O mundo desafia a Soberania de Deus diariamente, impondo aos verdadeiros cristãos o desafio de serem fiéis em meio às mais variadas ameaças (At.4.29; 1Pe.3.14). Contudo, não é contra o cristão que o mundo, a carne e o diabo realmente lutam. Eles odeiam a Deus, o Criador de todas as coisas e querem se ver livres de seu governo. Portanto, o cristão não deveria desejar a amizade do mundo nem esperar que o mundo o visse com bons olhos. Sempre que a igreja foi bem vista e quista pelo mundo a seu redor, tinha como razão a negligencia de seu papel como “coluna e baluarte da Verdade” (1Tm.3.15). A mensagem que a igreja recebeu de Cristo é absolutamente contrária ao modo de vida mundano, completamente oposta às obras da carne e inevitavelmente detestada pelo diabo, o pai da mentira (Jo.8.44; Ef.2.1-3). Por isso, é bastante estranho ver o mundo em paz com a igreja, a carne caminhando de mãos dadas com o cristianismo e o diabo tranquilo e sem perturbar o povo de Deus. Com certeza, há algo muito errado para isso acontecer.

Diante da ameaça do imperador, Sadraque Mesaque e Abede-Nego não tinham muitas opções além de mostrar a firmeza de suas convicções. Contudo, eles não ficaram calados esperando algo acontecer. Aquela era a perfeita oportunidade para glorificar o NOME do Senhor confessando uma fé firme e inabalável no Deus vivo e verdadeiro. Devemos observar que esses três amigos não pregaram uma teologia vitoriosa, como se Deus fosse obrigado a salvar a vida deles. Os três estavam certos de que o Senhor poderia livra-los das mãos do rei, contudo estavam prontos a aceitar a vontade de Deus, ainda que esta fosse o martírio deles (Dn.3.16-18). E, realmente, podemos dizer que nem sempre Deus quer ser glorificado por meio da manifestação de seu poder para livrar seus servos dos mais variados males.
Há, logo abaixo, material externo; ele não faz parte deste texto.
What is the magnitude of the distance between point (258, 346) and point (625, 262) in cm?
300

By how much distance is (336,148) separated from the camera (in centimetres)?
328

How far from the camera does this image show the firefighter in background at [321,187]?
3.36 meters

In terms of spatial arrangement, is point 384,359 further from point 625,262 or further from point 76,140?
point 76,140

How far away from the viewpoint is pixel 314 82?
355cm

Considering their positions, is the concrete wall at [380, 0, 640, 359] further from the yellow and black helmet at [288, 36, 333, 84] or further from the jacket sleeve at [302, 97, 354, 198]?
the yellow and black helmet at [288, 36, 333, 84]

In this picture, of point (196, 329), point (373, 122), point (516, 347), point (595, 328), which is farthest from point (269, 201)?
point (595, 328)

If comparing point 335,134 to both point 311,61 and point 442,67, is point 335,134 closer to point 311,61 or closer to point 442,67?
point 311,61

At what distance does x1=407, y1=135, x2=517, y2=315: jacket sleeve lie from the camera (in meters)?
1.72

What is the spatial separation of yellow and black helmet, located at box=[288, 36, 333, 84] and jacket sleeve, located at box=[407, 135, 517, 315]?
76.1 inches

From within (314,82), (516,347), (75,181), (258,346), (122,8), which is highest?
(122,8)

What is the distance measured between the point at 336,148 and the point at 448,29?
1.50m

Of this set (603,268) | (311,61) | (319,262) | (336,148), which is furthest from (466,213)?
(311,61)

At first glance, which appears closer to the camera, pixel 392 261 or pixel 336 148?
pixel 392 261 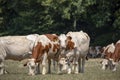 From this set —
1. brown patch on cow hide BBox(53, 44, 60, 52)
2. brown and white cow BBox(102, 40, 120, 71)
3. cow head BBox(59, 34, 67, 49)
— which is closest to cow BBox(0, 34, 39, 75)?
brown patch on cow hide BBox(53, 44, 60, 52)

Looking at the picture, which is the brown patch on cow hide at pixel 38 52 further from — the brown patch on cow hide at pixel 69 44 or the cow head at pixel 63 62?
the brown patch on cow hide at pixel 69 44

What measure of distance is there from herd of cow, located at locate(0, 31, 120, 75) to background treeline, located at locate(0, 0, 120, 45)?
2348 centimetres

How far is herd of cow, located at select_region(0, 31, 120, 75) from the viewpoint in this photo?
24.7 meters

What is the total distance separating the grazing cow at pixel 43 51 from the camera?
24.2 metres

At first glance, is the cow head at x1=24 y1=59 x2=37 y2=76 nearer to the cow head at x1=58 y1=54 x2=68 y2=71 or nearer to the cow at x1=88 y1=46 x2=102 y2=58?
the cow head at x1=58 y1=54 x2=68 y2=71

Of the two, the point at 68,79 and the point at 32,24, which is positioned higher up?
the point at 32,24

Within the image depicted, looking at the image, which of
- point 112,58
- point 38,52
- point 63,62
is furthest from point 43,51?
point 112,58

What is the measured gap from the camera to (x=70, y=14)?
5131cm

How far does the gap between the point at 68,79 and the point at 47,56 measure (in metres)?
3.38

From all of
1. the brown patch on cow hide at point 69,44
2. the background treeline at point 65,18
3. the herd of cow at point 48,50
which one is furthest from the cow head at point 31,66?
the background treeline at point 65,18

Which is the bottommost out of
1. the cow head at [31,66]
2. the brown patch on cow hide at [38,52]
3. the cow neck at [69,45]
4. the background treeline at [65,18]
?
the cow head at [31,66]

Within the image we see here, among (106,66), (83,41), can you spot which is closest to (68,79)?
(83,41)

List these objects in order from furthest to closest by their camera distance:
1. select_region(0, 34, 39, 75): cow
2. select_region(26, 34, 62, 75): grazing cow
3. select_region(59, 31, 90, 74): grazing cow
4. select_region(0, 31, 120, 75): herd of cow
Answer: select_region(0, 34, 39, 75): cow → select_region(59, 31, 90, 74): grazing cow → select_region(0, 31, 120, 75): herd of cow → select_region(26, 34, 62, 75): grazing cow

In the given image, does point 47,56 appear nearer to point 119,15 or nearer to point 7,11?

A igreja dos quatro primeiros séculos testemunhou a morte de milhares de cristãos, homens e mulheres que amavam a Deus mais do que a própria vida e o glorificaram por meio da morte pelo nome de Jesus (Ap.12.11). Deus não quis livra-los da morte, pois queria ser glorificado através dela. Apocalipse 6.9-11 nos diz:

Quando ele abriu o quinto selo, vi, debaixo do altar, as almas daqueles que tinham sido mortos por causa da palavra de Deus e por causa do testemunho que sustentavam.  10 Clamaram em grande voz, dizendo: Até quando, ó Soberano Senhor, santo e verdadeiro, não julgas, nem vingas o nosso sangue dos que habitam sobre a terra?  11 Então, a cada um deles foi dada uma vestidura branca, e lhes disseram que repousassem ainda por pouco tempo, até que também se completasse o número dos seus conservos e seus irmãos que iam ser mortos como igualmente eles foram. (Ap.6.9-11)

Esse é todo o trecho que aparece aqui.